London Gazette 3 January 1945 - New Year's Honours List 1945.
Hollywood, Henry - Captain - MBE(Civ).

Probably not for one specific action.
Regards


----------



## mac 1 (Aug 19, 2010)

*Captain Henry Hollywood M.b.e*

Thanks Boys For Your Prompt Responses. The Info Was Very Helpful Thanks Very Much.any More Details On This Man Would Be Appreciated.


----------



## Hugh MacLean (Nov 18, 2005)

Mac,
Here is Henry Hollywood's WWII medal card held at Kew in piece *BT 395/1.*
This may also be his WWI medal card held at Kew in piece *BT 359/1**. *The year of birth is one out on his WWI card but I suspect the same man. His WWII Dis.

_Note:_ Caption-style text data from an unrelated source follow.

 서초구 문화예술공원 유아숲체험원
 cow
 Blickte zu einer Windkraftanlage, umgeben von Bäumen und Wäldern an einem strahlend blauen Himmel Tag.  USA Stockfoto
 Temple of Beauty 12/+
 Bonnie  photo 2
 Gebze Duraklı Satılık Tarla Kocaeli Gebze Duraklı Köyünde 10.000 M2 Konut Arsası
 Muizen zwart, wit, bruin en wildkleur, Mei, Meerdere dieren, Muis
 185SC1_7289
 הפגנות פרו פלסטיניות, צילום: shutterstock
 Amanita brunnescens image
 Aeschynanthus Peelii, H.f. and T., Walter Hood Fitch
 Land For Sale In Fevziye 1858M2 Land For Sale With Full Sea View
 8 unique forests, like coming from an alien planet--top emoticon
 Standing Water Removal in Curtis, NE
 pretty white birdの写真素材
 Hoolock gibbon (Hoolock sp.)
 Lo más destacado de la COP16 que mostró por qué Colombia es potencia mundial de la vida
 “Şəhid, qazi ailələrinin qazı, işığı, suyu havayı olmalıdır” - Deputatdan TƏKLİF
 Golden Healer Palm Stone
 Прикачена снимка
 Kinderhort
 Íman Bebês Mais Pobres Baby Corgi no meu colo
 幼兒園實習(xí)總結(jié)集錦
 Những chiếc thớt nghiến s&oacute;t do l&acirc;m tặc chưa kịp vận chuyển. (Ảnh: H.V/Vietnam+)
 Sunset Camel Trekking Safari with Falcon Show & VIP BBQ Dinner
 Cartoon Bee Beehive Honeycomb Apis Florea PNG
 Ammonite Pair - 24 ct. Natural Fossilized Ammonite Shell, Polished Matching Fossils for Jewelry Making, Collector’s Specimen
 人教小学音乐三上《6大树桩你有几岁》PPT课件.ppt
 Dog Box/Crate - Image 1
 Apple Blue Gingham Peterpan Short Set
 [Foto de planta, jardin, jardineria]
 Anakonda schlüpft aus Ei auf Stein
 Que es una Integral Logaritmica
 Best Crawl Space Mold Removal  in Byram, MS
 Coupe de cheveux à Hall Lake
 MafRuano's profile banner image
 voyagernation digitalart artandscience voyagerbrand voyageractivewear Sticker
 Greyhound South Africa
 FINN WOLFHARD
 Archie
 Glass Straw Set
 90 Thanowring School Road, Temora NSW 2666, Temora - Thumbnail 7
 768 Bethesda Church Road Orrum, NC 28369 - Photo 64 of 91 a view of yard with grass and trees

A. was S36217.

Regards


----------



## mac 1 (Aug 19, 2010)

*Captain Henry Hollywood M.b.e*

hugh you have really worked your socks off. the info on paddy mc parland was brilliant.a nephew of paddy lives near me. unfortunately he had little knowledge of paddys time at sea as paddy lived in england all his life.his nephew is retired captain ex esso who started on ss opepe with none other than henry hollywood.the history is fascin ating.pity its being lost to the kids.


----------